▶ **Task to carry out**
Throughout the listing that follows, find each line with the word "Chevrolet" and copy it.

▶ **Source information**
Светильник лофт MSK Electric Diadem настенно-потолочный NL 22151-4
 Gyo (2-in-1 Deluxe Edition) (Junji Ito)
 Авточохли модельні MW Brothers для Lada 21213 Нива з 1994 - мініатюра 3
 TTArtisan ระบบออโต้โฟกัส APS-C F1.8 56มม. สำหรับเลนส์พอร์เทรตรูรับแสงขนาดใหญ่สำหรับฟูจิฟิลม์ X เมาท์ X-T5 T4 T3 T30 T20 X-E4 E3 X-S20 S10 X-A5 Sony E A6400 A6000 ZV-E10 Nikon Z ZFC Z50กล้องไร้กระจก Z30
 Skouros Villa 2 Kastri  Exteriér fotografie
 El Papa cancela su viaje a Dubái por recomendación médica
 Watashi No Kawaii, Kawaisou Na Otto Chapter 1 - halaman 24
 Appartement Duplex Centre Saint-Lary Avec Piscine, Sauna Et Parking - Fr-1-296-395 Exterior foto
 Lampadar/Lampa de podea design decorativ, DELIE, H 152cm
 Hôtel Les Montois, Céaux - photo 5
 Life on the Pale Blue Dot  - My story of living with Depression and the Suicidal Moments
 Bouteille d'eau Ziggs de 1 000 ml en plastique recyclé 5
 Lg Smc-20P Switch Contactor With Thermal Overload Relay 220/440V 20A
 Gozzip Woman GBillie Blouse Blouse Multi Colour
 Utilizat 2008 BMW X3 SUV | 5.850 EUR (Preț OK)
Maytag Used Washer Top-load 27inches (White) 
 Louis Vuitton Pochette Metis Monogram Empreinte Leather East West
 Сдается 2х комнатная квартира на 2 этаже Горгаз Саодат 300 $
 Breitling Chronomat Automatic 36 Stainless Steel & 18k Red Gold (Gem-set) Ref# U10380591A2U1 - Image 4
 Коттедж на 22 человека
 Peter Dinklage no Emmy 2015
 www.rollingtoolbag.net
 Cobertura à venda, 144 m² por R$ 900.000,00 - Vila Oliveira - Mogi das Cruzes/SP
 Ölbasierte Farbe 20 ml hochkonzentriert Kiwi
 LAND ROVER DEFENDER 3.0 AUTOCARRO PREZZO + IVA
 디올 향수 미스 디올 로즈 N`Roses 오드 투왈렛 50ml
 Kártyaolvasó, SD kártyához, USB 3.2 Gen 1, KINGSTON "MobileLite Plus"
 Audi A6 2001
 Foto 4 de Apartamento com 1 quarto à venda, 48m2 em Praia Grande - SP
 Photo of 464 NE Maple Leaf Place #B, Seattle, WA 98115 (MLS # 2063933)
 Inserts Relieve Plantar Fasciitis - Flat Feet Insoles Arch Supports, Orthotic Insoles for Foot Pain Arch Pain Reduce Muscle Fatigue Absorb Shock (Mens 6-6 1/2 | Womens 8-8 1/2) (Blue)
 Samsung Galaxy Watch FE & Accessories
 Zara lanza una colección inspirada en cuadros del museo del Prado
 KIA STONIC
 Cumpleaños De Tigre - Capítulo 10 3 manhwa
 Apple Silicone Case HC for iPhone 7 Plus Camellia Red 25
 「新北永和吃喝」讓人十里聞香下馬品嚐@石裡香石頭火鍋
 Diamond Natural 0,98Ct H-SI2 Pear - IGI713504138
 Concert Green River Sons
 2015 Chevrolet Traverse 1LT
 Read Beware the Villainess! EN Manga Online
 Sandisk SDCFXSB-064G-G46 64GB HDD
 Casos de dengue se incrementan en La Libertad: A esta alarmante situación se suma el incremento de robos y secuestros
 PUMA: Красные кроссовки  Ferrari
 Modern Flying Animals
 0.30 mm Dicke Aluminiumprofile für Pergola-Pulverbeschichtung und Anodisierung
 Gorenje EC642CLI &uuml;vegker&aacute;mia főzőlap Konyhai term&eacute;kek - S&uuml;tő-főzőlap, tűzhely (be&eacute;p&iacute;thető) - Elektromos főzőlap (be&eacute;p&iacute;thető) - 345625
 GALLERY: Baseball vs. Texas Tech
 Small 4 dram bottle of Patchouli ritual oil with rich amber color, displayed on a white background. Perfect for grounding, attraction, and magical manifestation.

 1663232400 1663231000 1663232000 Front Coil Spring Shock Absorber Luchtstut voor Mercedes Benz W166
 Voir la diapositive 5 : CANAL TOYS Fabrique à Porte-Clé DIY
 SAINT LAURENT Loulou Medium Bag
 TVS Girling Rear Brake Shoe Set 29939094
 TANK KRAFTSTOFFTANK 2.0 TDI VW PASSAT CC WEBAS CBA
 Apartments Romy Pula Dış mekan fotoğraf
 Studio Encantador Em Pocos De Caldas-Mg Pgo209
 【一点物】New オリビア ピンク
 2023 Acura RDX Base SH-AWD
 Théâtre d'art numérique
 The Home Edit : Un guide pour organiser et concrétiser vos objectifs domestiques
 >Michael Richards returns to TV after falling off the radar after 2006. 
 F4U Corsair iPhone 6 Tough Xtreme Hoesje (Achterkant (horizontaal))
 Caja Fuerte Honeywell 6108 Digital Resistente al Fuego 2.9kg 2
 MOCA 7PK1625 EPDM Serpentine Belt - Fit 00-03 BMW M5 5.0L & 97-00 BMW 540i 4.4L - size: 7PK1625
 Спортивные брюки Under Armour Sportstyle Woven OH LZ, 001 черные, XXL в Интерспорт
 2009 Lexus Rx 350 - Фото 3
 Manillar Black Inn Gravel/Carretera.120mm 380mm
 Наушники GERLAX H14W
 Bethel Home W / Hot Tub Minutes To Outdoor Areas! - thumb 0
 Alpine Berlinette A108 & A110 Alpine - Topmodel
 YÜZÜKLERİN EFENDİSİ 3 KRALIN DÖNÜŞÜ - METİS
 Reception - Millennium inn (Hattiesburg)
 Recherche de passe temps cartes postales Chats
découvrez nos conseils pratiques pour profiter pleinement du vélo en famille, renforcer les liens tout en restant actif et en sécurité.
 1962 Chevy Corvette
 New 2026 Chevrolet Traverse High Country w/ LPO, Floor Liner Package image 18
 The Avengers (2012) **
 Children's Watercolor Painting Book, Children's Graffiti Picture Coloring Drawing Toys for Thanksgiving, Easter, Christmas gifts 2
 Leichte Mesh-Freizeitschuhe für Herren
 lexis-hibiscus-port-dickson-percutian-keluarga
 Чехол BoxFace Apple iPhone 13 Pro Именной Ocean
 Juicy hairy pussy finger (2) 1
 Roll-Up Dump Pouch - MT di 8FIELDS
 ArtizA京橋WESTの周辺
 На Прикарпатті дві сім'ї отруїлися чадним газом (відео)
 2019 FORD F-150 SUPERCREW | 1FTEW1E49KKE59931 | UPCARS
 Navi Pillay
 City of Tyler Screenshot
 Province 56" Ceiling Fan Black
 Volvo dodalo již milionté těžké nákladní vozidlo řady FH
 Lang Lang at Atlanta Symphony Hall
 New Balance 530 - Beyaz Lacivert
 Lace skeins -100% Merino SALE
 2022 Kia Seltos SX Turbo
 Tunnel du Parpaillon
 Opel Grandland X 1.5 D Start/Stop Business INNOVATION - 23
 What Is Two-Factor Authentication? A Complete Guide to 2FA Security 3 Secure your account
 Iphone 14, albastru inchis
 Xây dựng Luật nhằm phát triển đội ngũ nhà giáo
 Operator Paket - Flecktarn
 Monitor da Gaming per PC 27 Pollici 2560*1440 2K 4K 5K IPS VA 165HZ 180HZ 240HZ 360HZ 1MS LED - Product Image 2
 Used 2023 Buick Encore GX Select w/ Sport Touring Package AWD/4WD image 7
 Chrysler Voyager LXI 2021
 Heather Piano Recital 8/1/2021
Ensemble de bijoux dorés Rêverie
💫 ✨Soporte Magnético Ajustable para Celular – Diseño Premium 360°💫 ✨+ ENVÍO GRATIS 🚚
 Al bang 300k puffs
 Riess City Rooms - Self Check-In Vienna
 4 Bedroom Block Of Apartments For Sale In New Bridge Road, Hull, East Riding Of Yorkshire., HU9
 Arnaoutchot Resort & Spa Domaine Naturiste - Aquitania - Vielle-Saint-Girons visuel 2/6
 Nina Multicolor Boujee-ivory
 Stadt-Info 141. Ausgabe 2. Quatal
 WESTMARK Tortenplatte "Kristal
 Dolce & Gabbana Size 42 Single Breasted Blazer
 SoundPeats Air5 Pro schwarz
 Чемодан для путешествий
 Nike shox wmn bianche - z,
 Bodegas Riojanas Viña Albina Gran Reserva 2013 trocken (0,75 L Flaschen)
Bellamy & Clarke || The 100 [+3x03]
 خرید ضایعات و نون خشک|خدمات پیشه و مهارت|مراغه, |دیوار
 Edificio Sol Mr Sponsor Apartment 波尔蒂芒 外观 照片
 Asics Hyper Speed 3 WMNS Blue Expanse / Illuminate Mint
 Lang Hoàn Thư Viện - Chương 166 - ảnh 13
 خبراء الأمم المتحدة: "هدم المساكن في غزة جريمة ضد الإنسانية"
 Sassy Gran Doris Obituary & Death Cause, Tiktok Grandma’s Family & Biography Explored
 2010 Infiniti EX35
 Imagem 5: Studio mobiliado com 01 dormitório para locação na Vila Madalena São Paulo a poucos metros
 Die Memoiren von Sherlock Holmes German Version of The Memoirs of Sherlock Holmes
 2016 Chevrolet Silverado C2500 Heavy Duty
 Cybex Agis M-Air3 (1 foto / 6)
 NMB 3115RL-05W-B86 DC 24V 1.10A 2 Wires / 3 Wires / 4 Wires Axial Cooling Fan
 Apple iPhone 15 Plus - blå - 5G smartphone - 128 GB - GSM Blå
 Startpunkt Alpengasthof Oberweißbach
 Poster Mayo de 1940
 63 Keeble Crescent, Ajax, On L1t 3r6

▶ **Reply to the task**
 2015 Chevrolet Traverse 1LT
 New 2026 Chevrolet Traverse High Country w/ LPO, Floor Liner Package image 18
 2016 Chevrolet Silverado C2500 Heavy Duty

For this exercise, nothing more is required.